ASSIGNMENT: Print every entry below exactly, leaving out the pictures.
————
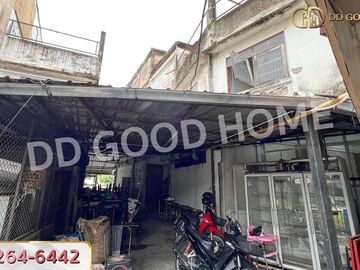 Commercial building, Soi Ratchadamnoen 2, Tha Hin, Lopburi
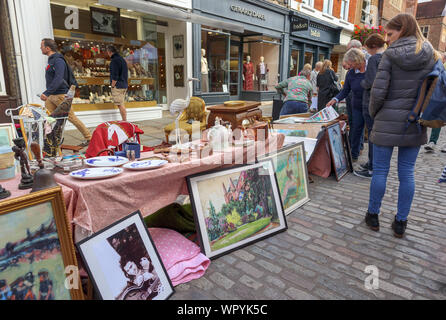 Mit einer Anzeige von Bildern und ephemera in Guildford Antike & Brocante Street Market, High Street, Guildford, Surrey, Südosten, England, Grossbritannien Abschaltdruck Stockfoto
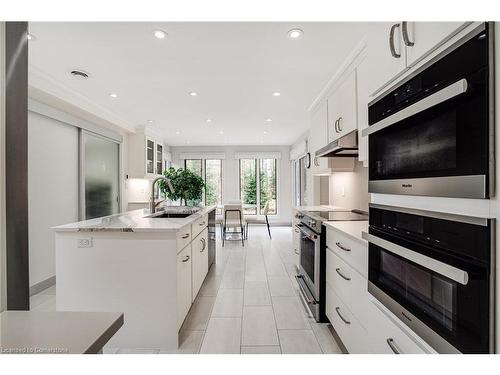 158 Sulphur Springs Road, Ancaster, ON - Indoor Photo Showing Kitchen With Upgraded Kitchen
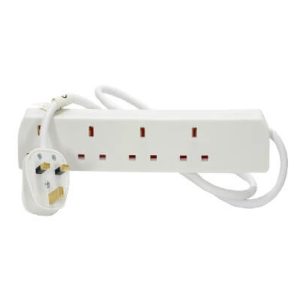 430.002UK 4 Gang Extension Leads 1.0m White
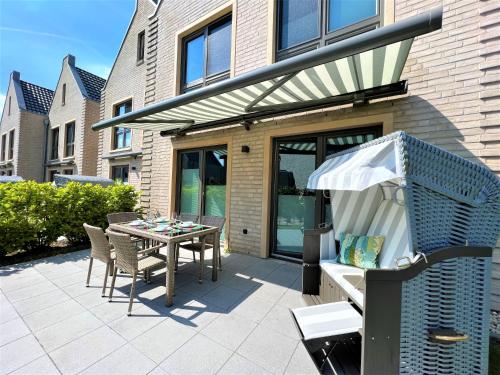 Nordsee Park Haus Friesland 6 P112 — 4-Star Luxury Hotel in Varel, Germany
————
REPLY TO THE TASK:
 Commercial building, Soi Ratchadamnoen 2, Tha Hin, Lopburi
 Mit einer Anzeige von Bildern und ephemera in Guildford Antike & Brocante Street Market, High Street, Guildford, Surrey, Südosten, England, Grossbritannien Abschaltdruck Stockfoto
 158 Sulphur Springs Road, Ancaster, ON - Indoor Photo Showing Kitchen With Upgraded Kitchen
 430.002UK 4 Gang Extension Leads 1.0m White
 Nordsee Park Haus Friesland 6 P112 — 4-Star Luxury Hotel in Varel, Germany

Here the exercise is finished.